Federal Reserve Chairman Ben S. Bernanke has a choice: Sacrifice stimulus by trimming bond purchases or risk market distortion by further expanding the Fed’s $3.5 trillion balance sheet. Last week’s payrolls report gives him cover to cut.
That doesn’t make Bernanke’s decision any easier: Economic growth and inflation remain short of the Fed’s expectations, which might argue for keeping up bond purchases at an $85 billion-a-month clip. On the other hand, dialing back quantitative easing, or QE, would signal to investors that they don’t need to reach for yield by piling into risky securities.
“There is nothing on the economy side to have precipitated such a seismic shift in their approach to QE,” said Stephen Stanley, chief economist at Pierpont Securities LLC in Stamford, Connecticut, and a former researcher at the Richmond Fed.

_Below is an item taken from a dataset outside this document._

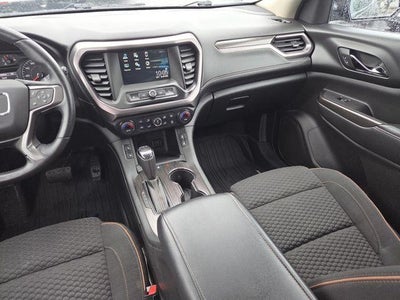 2017 GMC Acadia SLE-2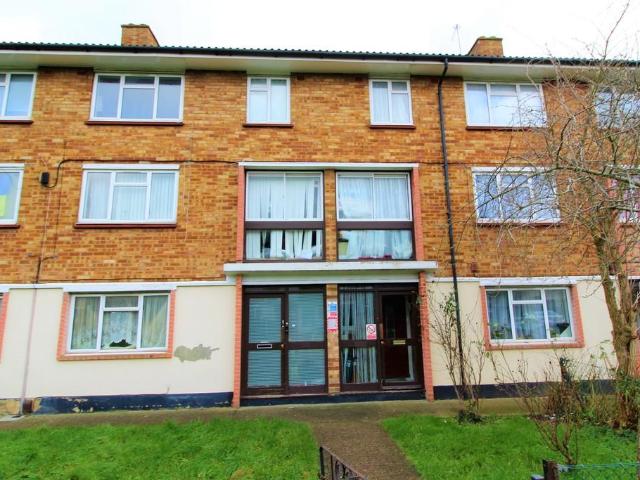 Flat for sale in West Drayton, Greater London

“They are finally starting to grasp what the signal from QE has done to the markets,” Stanley said. “QE was contributing to a market environment where people were taking too much risk. The beginning of tapering in September is a lot more predetermined than the Fed is letting on.”
In a June 19 press conference following two days of meetings by the policy-making Federal Open Market Committee, Bernanke said the central bank may start scaling back its bond-buying program this year and end it in mid-2014 if the economy achieves the Fed’s growth objectives.